▶

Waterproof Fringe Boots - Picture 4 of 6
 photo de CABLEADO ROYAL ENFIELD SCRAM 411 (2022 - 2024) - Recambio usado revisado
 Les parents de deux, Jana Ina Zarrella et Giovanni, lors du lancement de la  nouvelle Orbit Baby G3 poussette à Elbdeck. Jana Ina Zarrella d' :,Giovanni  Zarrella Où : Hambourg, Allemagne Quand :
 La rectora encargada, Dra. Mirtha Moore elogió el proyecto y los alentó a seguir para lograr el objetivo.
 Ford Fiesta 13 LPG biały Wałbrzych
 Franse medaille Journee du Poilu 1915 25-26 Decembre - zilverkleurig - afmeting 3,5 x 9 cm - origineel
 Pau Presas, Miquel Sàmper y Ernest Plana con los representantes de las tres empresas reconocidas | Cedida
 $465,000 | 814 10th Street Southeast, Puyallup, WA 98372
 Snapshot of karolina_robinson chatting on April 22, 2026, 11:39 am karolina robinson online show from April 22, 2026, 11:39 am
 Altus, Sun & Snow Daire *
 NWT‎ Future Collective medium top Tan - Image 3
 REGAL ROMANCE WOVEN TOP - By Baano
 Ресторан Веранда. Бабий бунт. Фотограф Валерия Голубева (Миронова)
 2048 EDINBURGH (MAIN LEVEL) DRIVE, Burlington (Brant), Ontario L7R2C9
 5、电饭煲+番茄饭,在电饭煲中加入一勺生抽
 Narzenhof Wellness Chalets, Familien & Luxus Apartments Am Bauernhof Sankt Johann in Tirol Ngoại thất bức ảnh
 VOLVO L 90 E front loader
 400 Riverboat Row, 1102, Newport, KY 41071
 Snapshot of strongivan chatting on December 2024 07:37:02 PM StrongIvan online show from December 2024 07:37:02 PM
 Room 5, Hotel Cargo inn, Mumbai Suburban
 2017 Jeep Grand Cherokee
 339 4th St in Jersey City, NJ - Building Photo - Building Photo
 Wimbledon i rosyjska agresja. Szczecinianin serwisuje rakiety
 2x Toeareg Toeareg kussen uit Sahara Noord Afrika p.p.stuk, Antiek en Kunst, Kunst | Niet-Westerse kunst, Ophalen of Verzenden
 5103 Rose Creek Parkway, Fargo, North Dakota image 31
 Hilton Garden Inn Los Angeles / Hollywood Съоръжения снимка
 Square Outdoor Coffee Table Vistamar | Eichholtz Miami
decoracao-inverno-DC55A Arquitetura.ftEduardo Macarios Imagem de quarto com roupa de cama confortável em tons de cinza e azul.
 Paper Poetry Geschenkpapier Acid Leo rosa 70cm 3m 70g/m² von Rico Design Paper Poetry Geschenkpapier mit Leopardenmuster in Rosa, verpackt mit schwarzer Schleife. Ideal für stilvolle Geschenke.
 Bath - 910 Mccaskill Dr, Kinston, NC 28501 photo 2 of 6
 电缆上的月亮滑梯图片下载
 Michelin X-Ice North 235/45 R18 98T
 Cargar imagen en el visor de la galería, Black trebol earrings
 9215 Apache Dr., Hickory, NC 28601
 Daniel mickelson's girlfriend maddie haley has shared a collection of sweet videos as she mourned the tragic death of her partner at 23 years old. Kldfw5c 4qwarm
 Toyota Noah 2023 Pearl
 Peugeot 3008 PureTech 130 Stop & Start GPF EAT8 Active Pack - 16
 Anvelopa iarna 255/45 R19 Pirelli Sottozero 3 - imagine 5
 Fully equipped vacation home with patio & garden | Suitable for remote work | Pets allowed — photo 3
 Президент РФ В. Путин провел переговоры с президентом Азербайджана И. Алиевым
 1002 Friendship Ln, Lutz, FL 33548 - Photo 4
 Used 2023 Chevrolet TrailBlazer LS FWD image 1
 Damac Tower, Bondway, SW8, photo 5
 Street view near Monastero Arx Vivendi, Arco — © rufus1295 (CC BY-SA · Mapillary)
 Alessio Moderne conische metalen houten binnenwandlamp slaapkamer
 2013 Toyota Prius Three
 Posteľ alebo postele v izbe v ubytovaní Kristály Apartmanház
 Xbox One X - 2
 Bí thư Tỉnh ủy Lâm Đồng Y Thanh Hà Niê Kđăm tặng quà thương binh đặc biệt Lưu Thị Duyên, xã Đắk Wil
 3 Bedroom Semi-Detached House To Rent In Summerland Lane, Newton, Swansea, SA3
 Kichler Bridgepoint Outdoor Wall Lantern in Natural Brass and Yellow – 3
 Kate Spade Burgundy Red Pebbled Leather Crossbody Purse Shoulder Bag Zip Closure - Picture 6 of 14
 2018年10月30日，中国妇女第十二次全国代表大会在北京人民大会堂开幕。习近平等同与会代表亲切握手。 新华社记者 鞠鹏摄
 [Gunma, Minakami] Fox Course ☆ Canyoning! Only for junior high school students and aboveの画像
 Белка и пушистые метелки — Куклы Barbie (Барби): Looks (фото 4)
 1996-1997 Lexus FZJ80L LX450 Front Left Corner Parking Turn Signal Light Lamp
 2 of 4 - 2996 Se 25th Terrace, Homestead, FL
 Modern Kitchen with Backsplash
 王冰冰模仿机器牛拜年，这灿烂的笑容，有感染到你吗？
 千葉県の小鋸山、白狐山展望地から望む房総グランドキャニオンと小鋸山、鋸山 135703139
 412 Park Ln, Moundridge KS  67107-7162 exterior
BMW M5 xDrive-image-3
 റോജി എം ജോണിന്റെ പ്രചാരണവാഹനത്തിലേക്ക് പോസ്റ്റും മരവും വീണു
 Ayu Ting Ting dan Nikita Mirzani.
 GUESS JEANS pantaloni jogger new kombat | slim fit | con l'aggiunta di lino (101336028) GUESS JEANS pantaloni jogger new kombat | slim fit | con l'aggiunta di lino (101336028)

◀

Going back to the entries above, set down exactly the lines that begin at the one with "5、电饭煲+番茄饭,在电饭煲中加入一勺生抽" and end at the one with "2017 Jeep Grand Cherokee", both included, and nothing else.

### Task output
 5、电饭煲+番茄饭,在电饭煲中加入一勺生抽
 Narzenhof Wellness Chalets, Familien & Luxus Apartments Am Bauernhof Sankt Johann in Tirol Ngoại thất bức ảnh
 VOLVO L 90 E front loader
 400 Riverboat Row, 1102, Newport, KY 41071
 Snapshot of strongivan chatting on December 2024 07:37:02 PM StrongIvan online show from December 2024 07:37:02 PM
 Room 5, Hotel Cargo inn, Mumbai Suburban
 2017 Jeep Grand Cherokee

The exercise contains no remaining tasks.